Action item: Only what runs from the line with "出售风景树，朴树，栾树，乌桕，桂花，香樟，法国梧桐" to the end of the data should appear in the answer, exactly as written and without pictures.

Dataset:

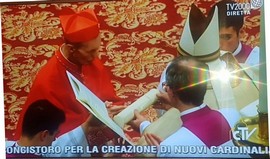 corti cardinale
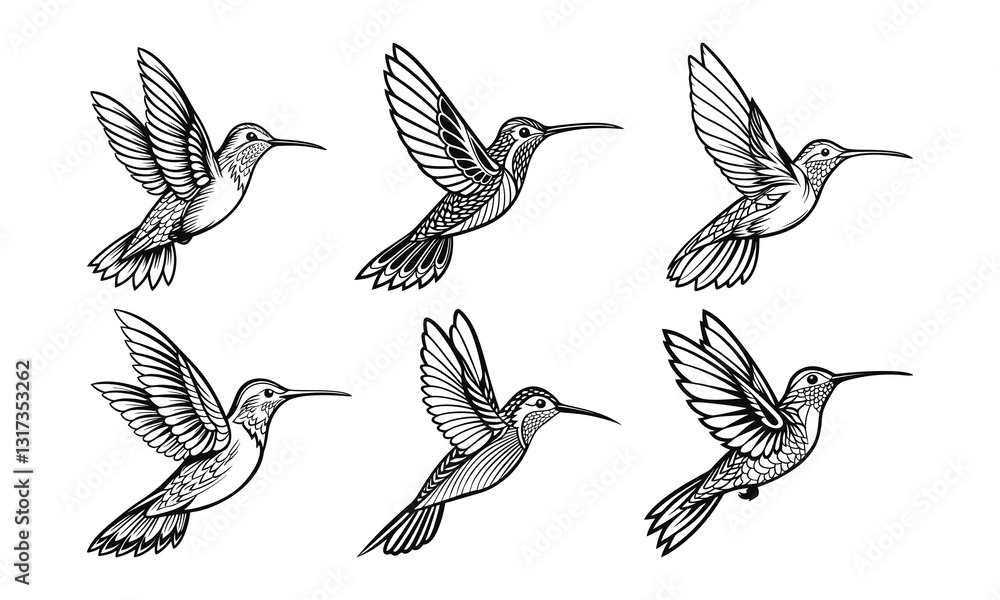 Obraz premium Set of silhouettes of hummingbird vector illustration, detailed vector, black and white, monochrome design, minimalist design, isolated on a white background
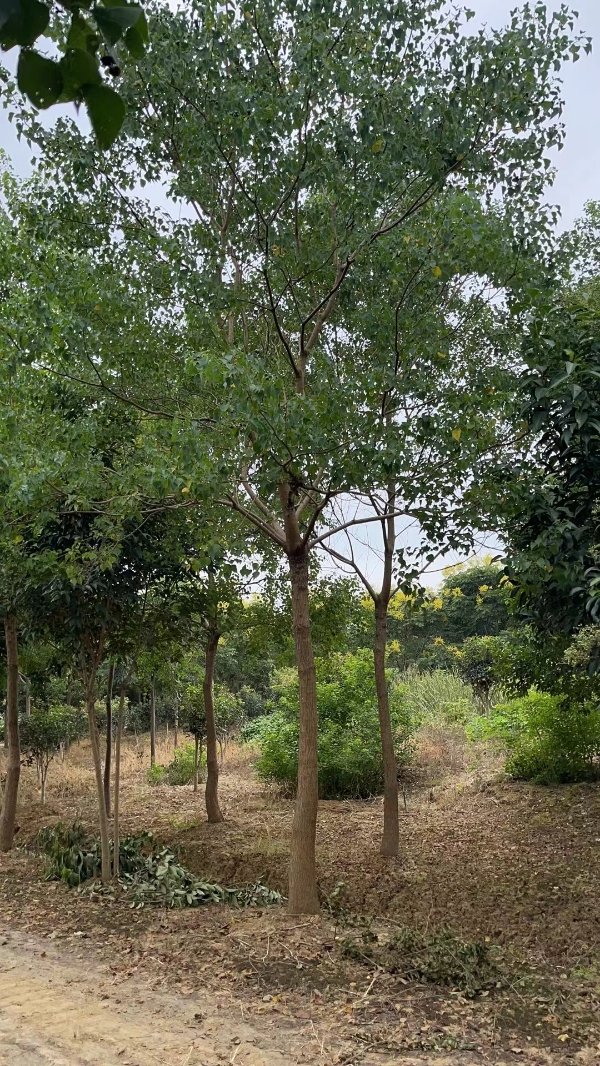 出售风景树，朴树，栾树，乌桕，桂花，香樟，法国梧桐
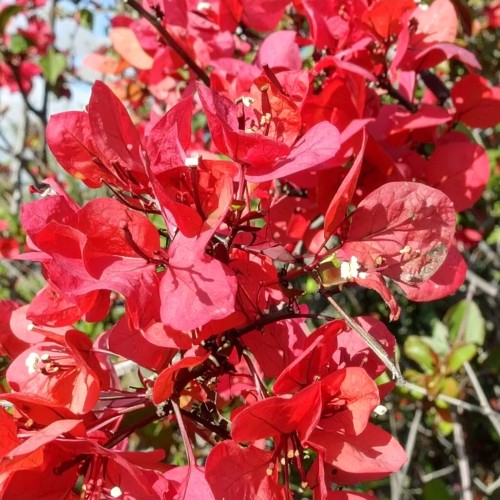 enkiant-dzwonkowaty-enkianthus-campanulatus-zielonapara-sadzonka-duza-zdrowa-czerwone-dzwonkowate-kwiaty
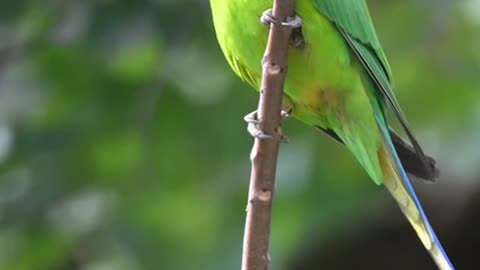 Parrot wonderful seen
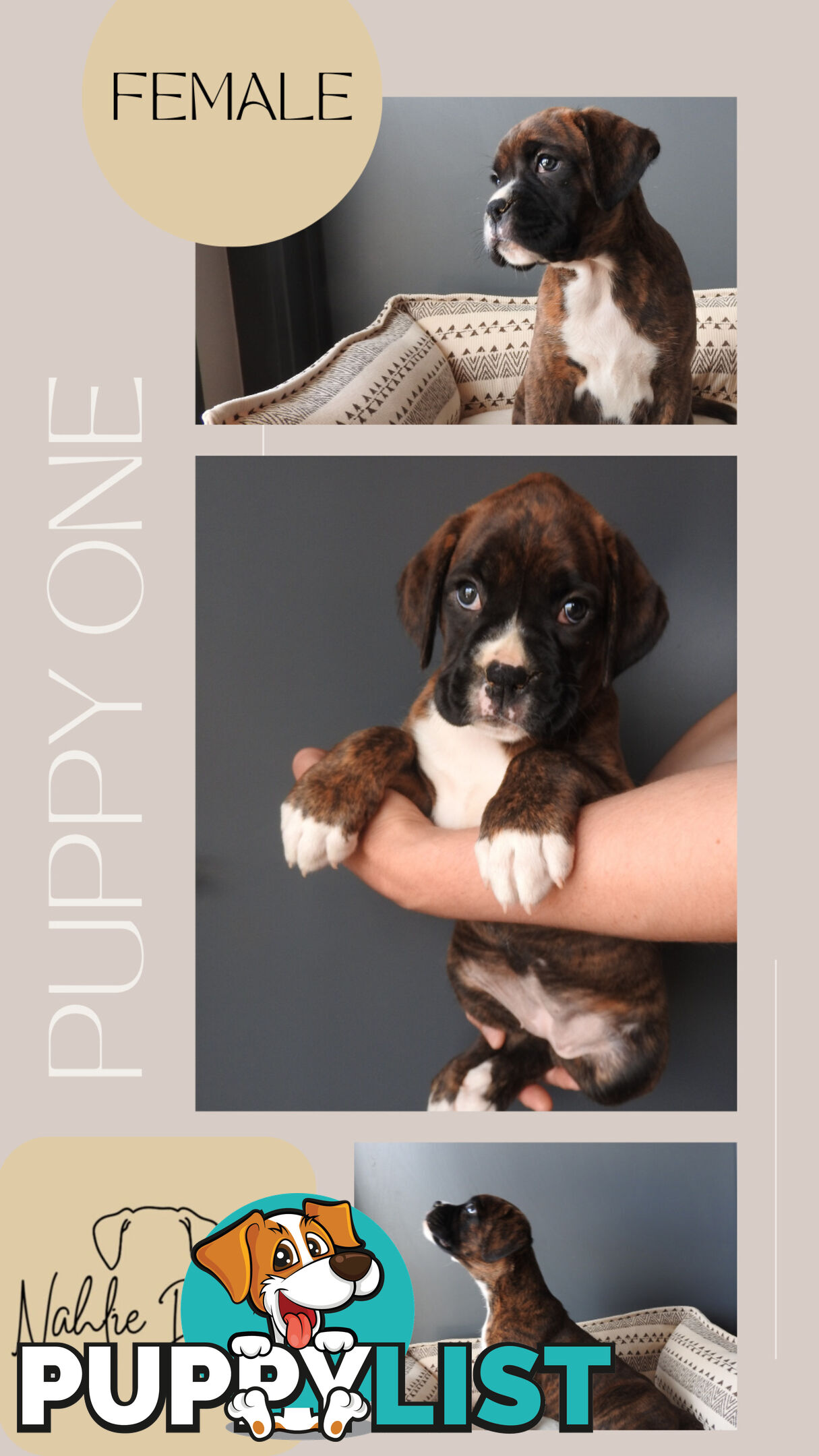 Boxer Puppies For Sale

Exercise solution:
 出售风景树，朴树，栾树，乌桕，桂花，香樟，法国梧桐
 enkiant-dzwonkowaty-enkianthus-campanulatus-zielonapara-sadzonka-duza-zdrowa-czerwone-dzwonkowate-kwiaty
 Parrot wonderful seen
 Boxer Puppies For Sale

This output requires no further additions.